▶ _Exercise_:
Here is the task for the listing below: output exactly the lines from the one containing "Madico Industrial Casters" through the one containing "1872 | $20 Liberty Gold | AU-53", and leave out the pictures.

▶ _Working data_:
=== Begin Enclosure ===

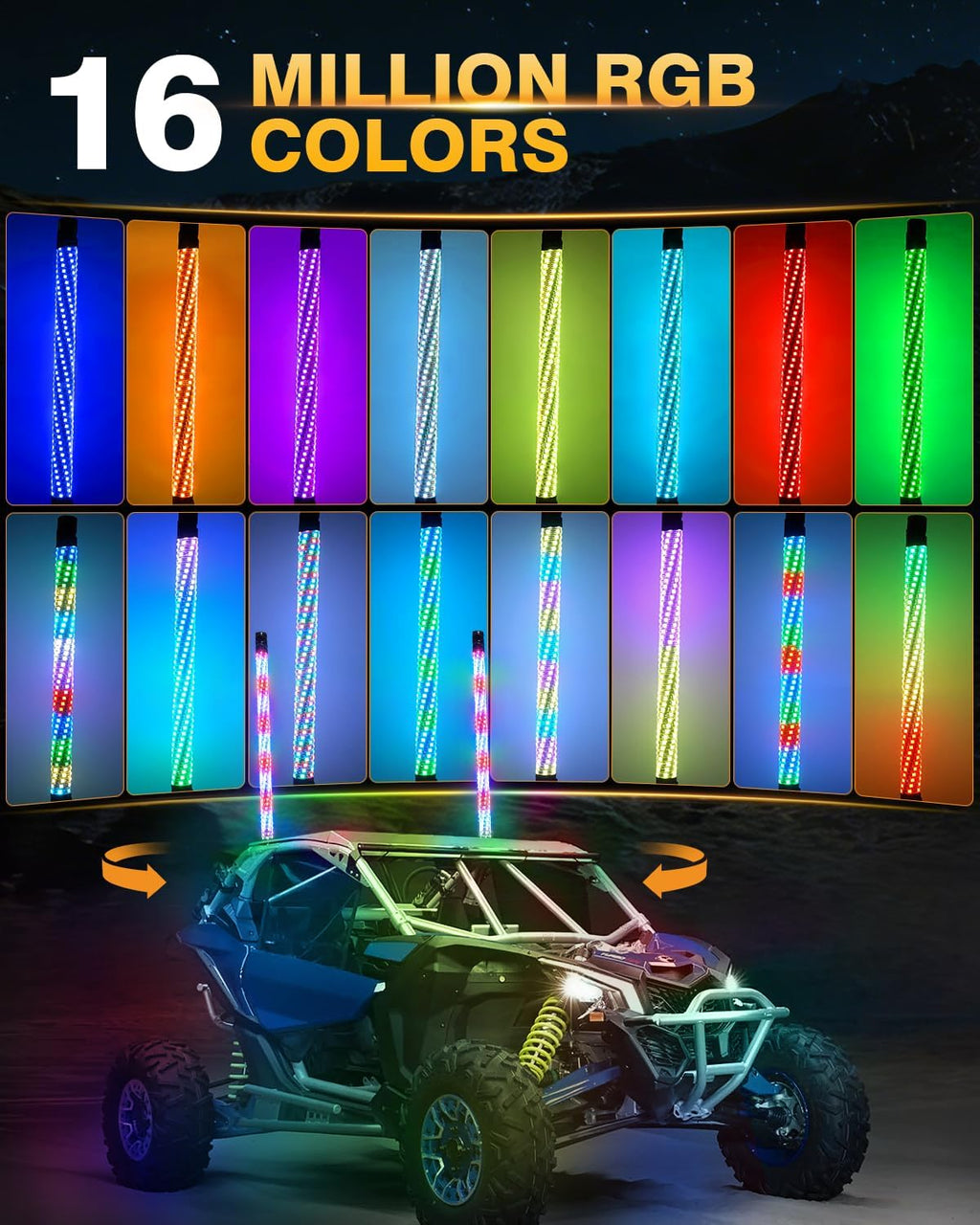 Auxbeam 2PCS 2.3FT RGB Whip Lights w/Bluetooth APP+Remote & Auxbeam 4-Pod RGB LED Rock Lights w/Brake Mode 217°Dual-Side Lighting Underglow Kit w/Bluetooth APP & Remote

=== End Enclosure ===
=== Begin Enclosure ===

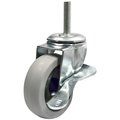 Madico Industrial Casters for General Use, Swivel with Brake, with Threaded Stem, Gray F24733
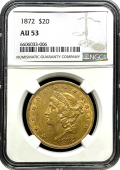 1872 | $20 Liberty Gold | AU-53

=== End Enclosure ===

▶ _Completed exercise_:
 Madico Industrial Casters for General Use, Swivel with Brake, with Threaded Stem, Gray F24733
 1872 | $20 Liberty Gold | AU-53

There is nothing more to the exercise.